The second design is called the “measured movement plan.” It was inspired by the rhythms of the street and also reflects the area's history as Seattle's film row. In this design, the park would have a pathway straight down the street.

“This one says, the people in a sense are the architects,” Cormier said. “It's more of a stage, more flexible, more taut compared to the other one that really sets up those opportunities more explicitly.”

In the measured movement plan, lighting would be at set intervals in the traditional manner of street lights. Gathering spaces would be the same size and located in similar spaces, and crosswalks would be at street ends.

Kris Snider, principal at Hewitt, said, “We want people to pass by and want to come back to the street, for it to be different.”

Two public meetings about Bell Street have been well attended, with more than 130 people at the January meeting. Cormier said people slightly preferred the sluiced plan because of its perceived flexibility. The biggest issue the public responded to, he said, was connectivity. Almost everyone preferred the flexibility of crossing the street in many places rather than just at specific crosswalks.
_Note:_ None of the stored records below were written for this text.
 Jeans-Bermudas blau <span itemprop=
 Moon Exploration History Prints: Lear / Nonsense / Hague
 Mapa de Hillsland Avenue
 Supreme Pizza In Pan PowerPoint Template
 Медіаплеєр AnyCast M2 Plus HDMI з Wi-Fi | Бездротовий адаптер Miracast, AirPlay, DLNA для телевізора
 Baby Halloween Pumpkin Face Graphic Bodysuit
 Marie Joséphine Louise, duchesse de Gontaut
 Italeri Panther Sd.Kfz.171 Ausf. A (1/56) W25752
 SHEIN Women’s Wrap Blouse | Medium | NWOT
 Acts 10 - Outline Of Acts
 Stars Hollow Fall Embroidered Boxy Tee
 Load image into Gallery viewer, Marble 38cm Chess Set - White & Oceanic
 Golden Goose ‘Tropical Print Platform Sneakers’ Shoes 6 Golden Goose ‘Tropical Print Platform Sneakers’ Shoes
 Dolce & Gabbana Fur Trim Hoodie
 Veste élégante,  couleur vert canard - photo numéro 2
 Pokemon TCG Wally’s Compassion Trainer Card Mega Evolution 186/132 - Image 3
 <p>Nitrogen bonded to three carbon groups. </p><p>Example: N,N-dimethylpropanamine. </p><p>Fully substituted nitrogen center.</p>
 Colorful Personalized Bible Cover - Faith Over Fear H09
Design commission members suggested a number of items for the team to look at. They asked the team to consider how the project could eventually extend west of First Avenue and east of Fifth Avenue, and how intersections could be connected to the park area in a stronger way.

Mary Johnston, chair of the commission, said the project is “magnificent. We hope it's a prototype for more projects similar to that.”

The project has a $2.5 million budget from the 2008 Parks and Green Spaces Levy. The city recently applied for two grants: $200,000 from the National Endowment for the Arts to enhance public art, and $400,000 from the Environmental Protection Agency to fund sustainable water elements.

The budget has $75,000 set aside for public art. Sheila Klein has been selected as the public artist.

The team will come up with a single design and present it at a public meeting in April. Construction should occur in 2011.

The parks department is also working with the Seattle Department of Transportation and the Seattle Department of Planning and Development on the project.

Other team members include Read Wagoner for public involvement and WSP Flack & Kurtz for lighting and electrical.